On C and generic functions

Question

I'd like to implement search using C generics

int lsearchGeneric(void *key, void *base, int n, int elemSize)
{
    int i =0;

    for(; i < n; i++)   {
        void *elemAddr = (char*) base + i * elemSize;           
        if(memcmp(key, elemAddr , elemSize) == 0) {
            return i;
        }
    }

    return -1;
}

This function is called with

char *key = strdup("w");
char *base = strdup("two");

int result = lsearchGeneric (&key, base, 3, sizeof(char));
printf("Position: %d\n", result); // prints -1

I wonder what am i missing here. Instead of -1, i would expect 1, as "w" is the second letter in "two"

For those (you know who you are) who wonder whether this is homework - the answer is "no it is not. I am following Programming paradigms lecture from iTunesU"

Answer 1

Looks like you have an extra & in your function call:

int result = lsearchGeneric (&key, base, 3, sizeof(char));
                             ^
                        does not belong here!
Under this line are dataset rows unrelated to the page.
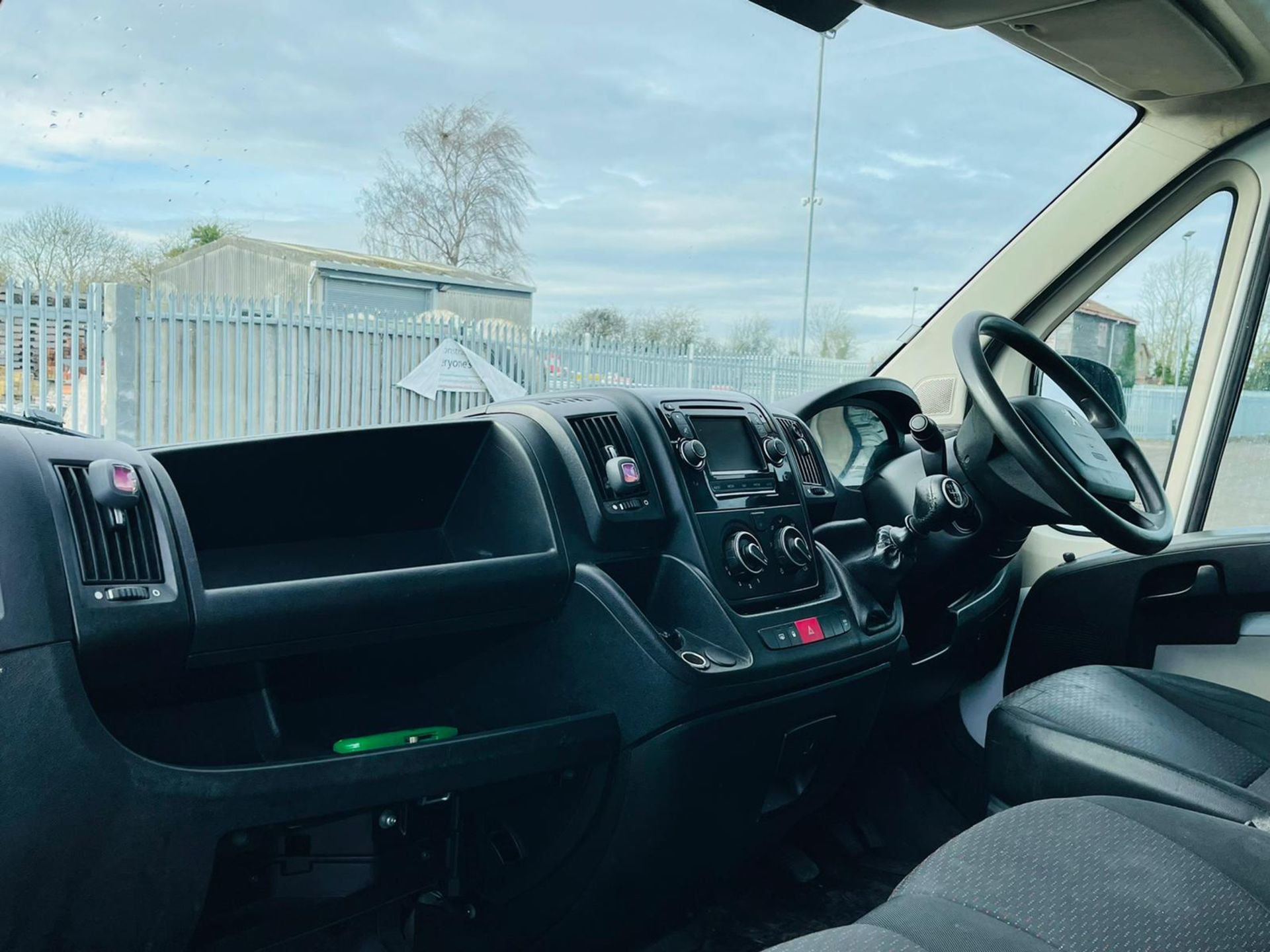 ** ON SALE ** Peugeot Boxer 2.2 HDI 335 L3 H2 2015 '15 reg' - Sat Nav - Air Con - Panel Van- White - Image 18 of 19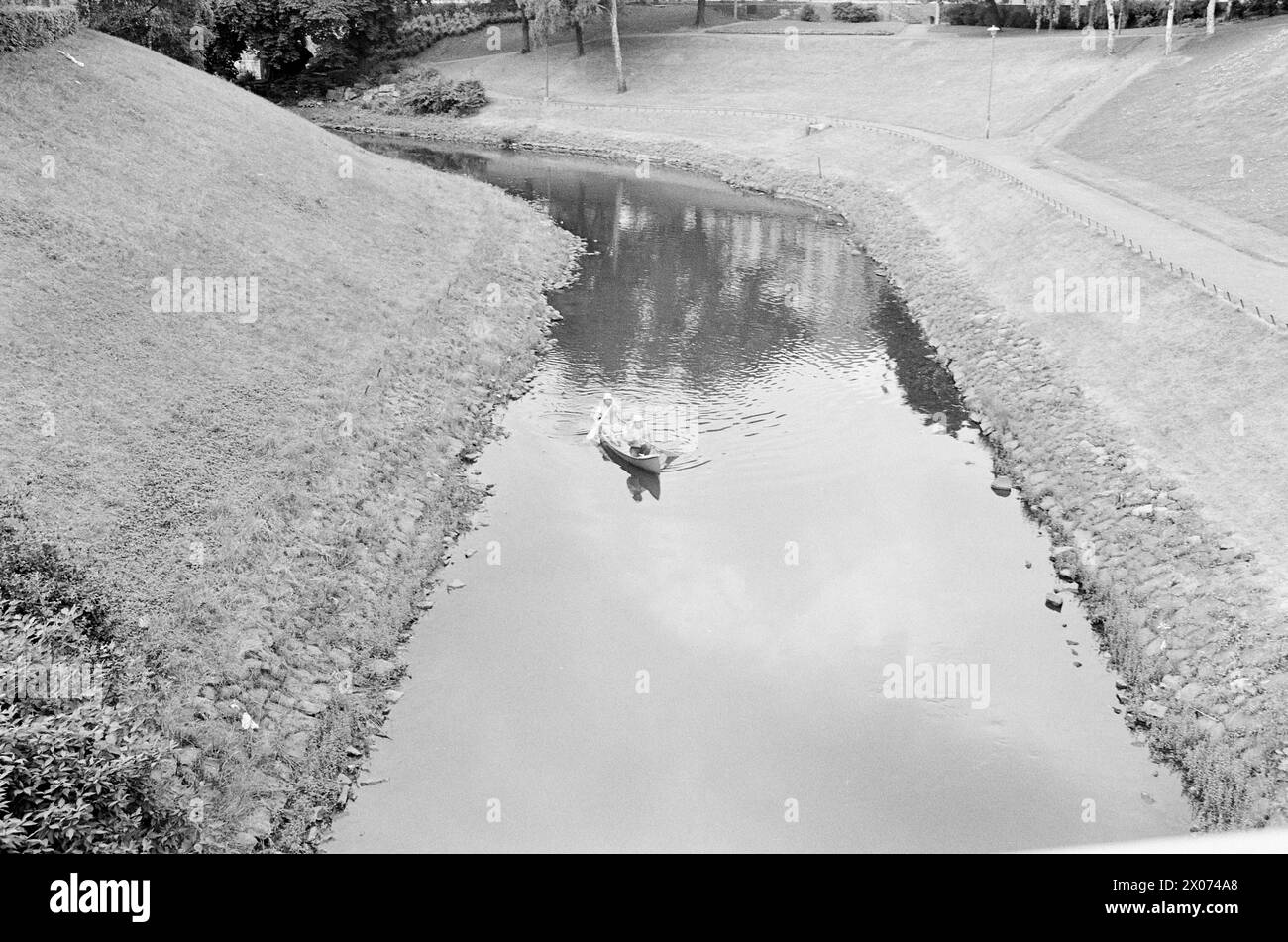Réel 31 - 2 - 1973 : dans un canoë à travers OsloIl est-il possible de pagayer Akerselva dans un canoë? Aktuell équipa une expédition qui devait essayer de faire son chemin de Maridalsvannet au quai de Kølapålsen. Photo : ODD Ween / Aktuell / NTB ***PHOTO NON TRAITÉE*** Banque D'Images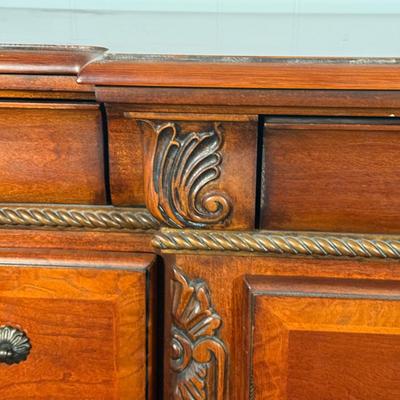 LOT 21Y: Raymour & Flanigan Dresser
You're passing the address of the pointer rather than the pointer itself. The giveaway here is that you weren't consistent with the two operands: You passed &key and base, one with and the other without the &.

Small Note:

This "generic" might not work properly with structs that have padding. As the padding values are unspecified and may be different with otherwise identical structs.

Answer 2

If you step through this in a debugger, the first thing you'll notice is that the value of "key" inside the function isn't "w" -- instead, it's some garbage. If you look closer, you'll notice that the address isn't the same as when you checked it out in the main program, either.

The reason for this is that you are calling your function with the address of the pointer of the key value -- &key -- rather than the address of the key value itself, which is key. Remove the extraneous &, and it works right.